The South Plains Fair is very traditional like all fairs. The tradition of a fair is part of the basic fiber of its existence. Tradition is one of the industry’s important assets. It has animal competition, commercial vendors, entertainment, carnival rides and food concessionaires. It is in the area of food concessionaires where the South Plains Fair differs quite dramatically from the traditional fair model.

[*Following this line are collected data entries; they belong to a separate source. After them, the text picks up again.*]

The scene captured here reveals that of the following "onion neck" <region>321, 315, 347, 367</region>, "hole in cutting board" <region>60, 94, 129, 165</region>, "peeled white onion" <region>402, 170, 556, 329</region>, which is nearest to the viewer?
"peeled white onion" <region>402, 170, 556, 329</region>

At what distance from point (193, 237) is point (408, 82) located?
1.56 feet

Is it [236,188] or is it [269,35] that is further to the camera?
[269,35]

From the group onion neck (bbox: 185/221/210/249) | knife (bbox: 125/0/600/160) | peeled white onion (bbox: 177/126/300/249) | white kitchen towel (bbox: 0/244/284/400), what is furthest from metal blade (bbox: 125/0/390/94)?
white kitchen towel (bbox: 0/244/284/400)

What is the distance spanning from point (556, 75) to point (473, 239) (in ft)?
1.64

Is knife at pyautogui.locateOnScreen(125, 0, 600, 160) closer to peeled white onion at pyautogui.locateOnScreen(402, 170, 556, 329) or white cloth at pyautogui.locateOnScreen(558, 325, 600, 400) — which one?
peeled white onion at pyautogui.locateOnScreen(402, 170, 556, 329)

Food Concessions and Operations
Food concessions usually have a two-fold role at fairgrounds. They are a substantial source of revenue and provide many different eating options for the fair attendee. The South Plains Fair is very different. A number of years ago the fair began the process of eliminating the professional concession operations and embarked on the implementation of a policy that restricts food concessions to qualified 501 (c) organizations. In addition the fees charged the various food concessions are structured to just cover the fair’s costs since the food concessionaires receive admission passes that equal the contract privilege fees they pay. Our food operations utilizing volunteer labor and in some cases donations from the local community are able to maximize their bottom line profits. This unique food concessions policy results in substantial dollars flowing back into the community through the not for profit groups. It is estimated that in excess of $750,000 goes directly into the community as a result of this unique opportunity. This money helps to support youth science education, support organizations for parents of children with disabilities, youth ministry programs and youth sports programs to mention a few. While the fair does not contribute this money directly its policy provides this unique opportunity. The fair is very committed to continuing this policy for the betterment of our community.
Donations & Awards
In addition, the Panhandle South Plains Fair has donated in excess of $500,000 in scholarships at Texas Tech, South Plains College, West Texas College, Wayland Baptist University, Lubbock County 4H, and Lubbock Christian University. Also, over $100,000 is awarded annually for livestock and agricultural competition.